While the Fed and Treasury didn't have the firepower to strengthen the US$, foreign interests did, and it was used. The SWFs (shorthand for foreign interests both public and private) are having more of an effect on the US economy than the Fed and Treasury.

As Brad Setser recently noted: Total Treasury purchases over the last 3 months totaled $214 billion. That’s huge.

Combining that inflow with $92 billion in net sales of foreign assets by American investors implies that the “flight to Treasuries” and “deleveraging” combined to provide about $300 billion in net financing to the US. That, in broad terms, allowed the US to run a roughly $175-200b current account deficit and cover a huge outflow from the Agency market.
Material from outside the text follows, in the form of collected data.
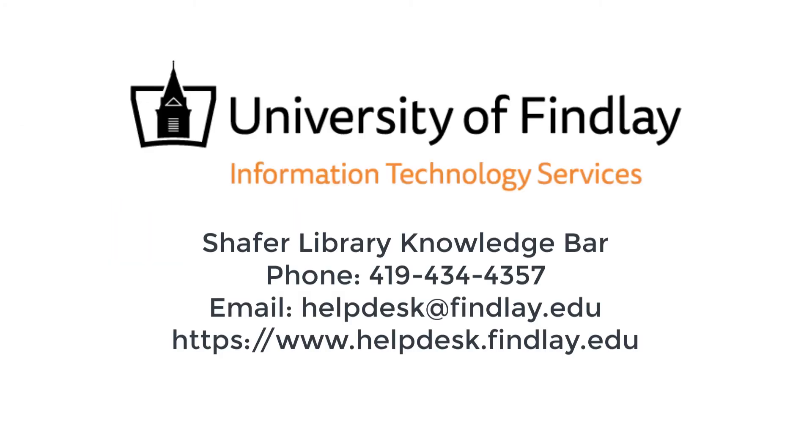If you have any questions or issues in attempting to create a video or screen capture and submitting this for your class, please feel free to stop by the knowledge bar here in the Shafer Library or give us a call at 419-434-4357 or you can email us at helpdesk@findlay.edu. Thank you.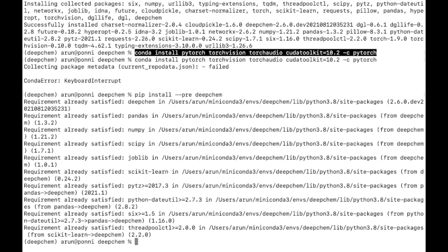This will help you in getting started with DeepChem. DeepChem is used for multiple scientific applications like molecular machine learning or applying deep learning to material sciences, and for other applications like bioinformatics, quantum chemistry and so on.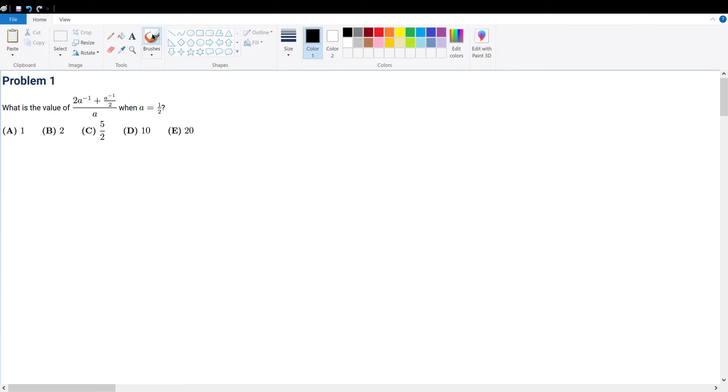Problem 1, what is the value of the following expression when a is equal to half? First, simplify, then we can do everything else.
China is particularly interesting case. SAFE clearly has added to the instability in the credit market over the past few months — and equally clearly contributed to low Treasury yields. That isn’t a criticism — it is just a statement of fact.

At the end of July, China stopped buying Agencies and corporate bonds and started to pile into Treasuries. Over the last three months of data (i.e. the third quarter), the US data indicates that China has bought $81.1 billion in Treasuries ($45 billion short-term) and added $17.4 billion to its bank accounts — that is a flow of nearly $100 billion into the safest US assets China can find. Conversely, China sold $16 billion of Agencies, $1.8 billion of corporate bonds and a bit less than a billion of equity
.

In brief, the SWFs (mainly China) supported the US$ through massive purchases of (mainly short term) Treasuries. The corporate and mortgage sectors, however, experienced a capital drain. SWF policy (if one can infer such from the data) is to keep the US public sector afloat while starving the real sector. Right-wing talk radio fears of Obama "socializing" the US are misdirected. It is the SWFs that are driving that change.
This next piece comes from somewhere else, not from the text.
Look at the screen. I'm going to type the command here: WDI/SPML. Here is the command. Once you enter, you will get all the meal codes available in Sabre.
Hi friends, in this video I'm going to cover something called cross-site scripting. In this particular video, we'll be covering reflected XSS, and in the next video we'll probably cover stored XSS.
Not only are the SWFs socializing the US, they are (with complicity of the Treasury through their choice of short term financing) hanging a Sword of Damocles over the US government's head. The graph below depicts externally held short term (under 1 year) Treasury debt with interest. As of Sept. 2008, I estimate (using Treasury external debt data and recent TIC data) that total as $940B or 6.5% of GDP. I wonder how many strings will attach to our need to roll that over.


While we were electing a new President real control over economic policy, in a sense, has been outsourced.
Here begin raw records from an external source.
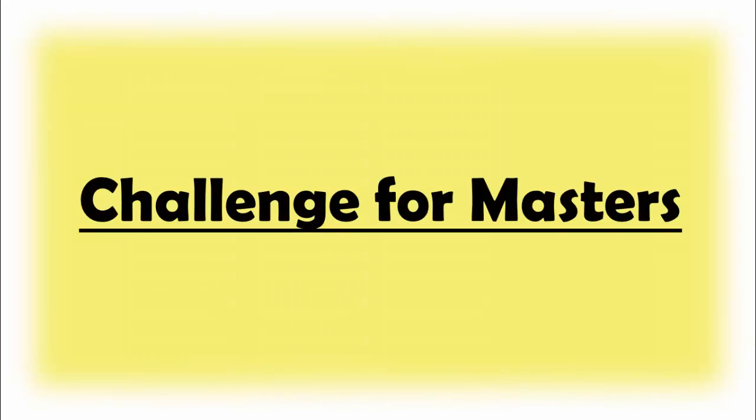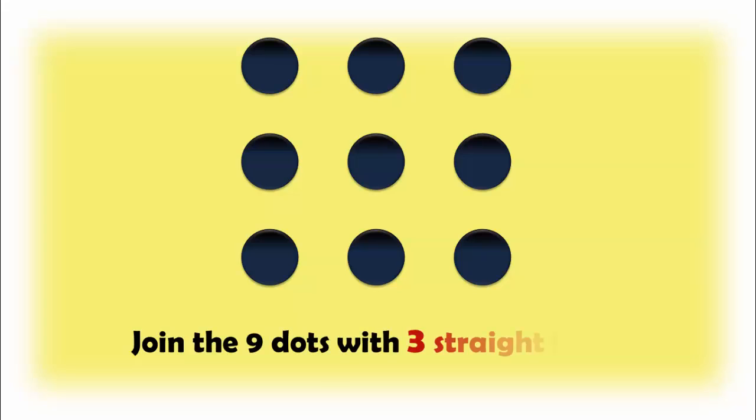Many big organizations present this challenge to candidates in the interview to identify the most intelligent candidate amongst them. The task is to join the nine dots with three straight lines without lifting the pen.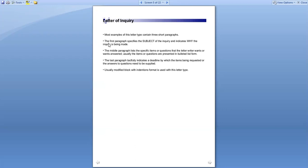To repeat these important points: the first paragraph specifies the subject of the inquiry and indicates why it is being made. The middle paragraph covers the specific items or questions the letter writer wants answered, usually presented in bullet list form. The last paragraph indicates a deadline by which the items requested or answers to questions need to be supplied. The modified block with indentation format is used with this letter type.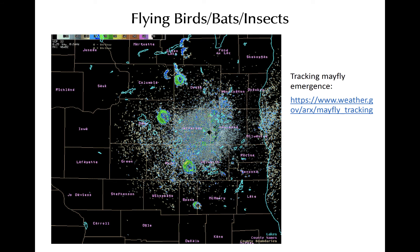Flying birds and insects can also be seen on radar. This example shows rings of reflectivity caused by birds leaving lakes in the early morning. There are several examples of how weather radar can also see the emergence of insects such as mayflies along rivers. In particular, with insects that move with the wind, the radial velocity usually depicts the radial component of the actual flow.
Thus my call for "nationalizing" the US financial sector. I don't mean the government should buy it (although if that is the only way forward, so be it). I mean we need to regain control over US financial flows. As I've been arguing, a strong US$ that serves as global reserve currency is, in my view, no longer in US interests.

Years ago Warren Buffett warned of the US becoming a "sharecropper society." It seems as if we are rapidly moving in that direction.

Ironically, if current trends continue for long America may become an Empire, but we won't be calling the shots. Niall Ferguson coined the term Chimerica. Viewing that future through a historical lens, the Rome in Washington DC may be led by the Constantinople in Beijing.

To be on the safe side, I've been sending my son to Chinese School for 3 years.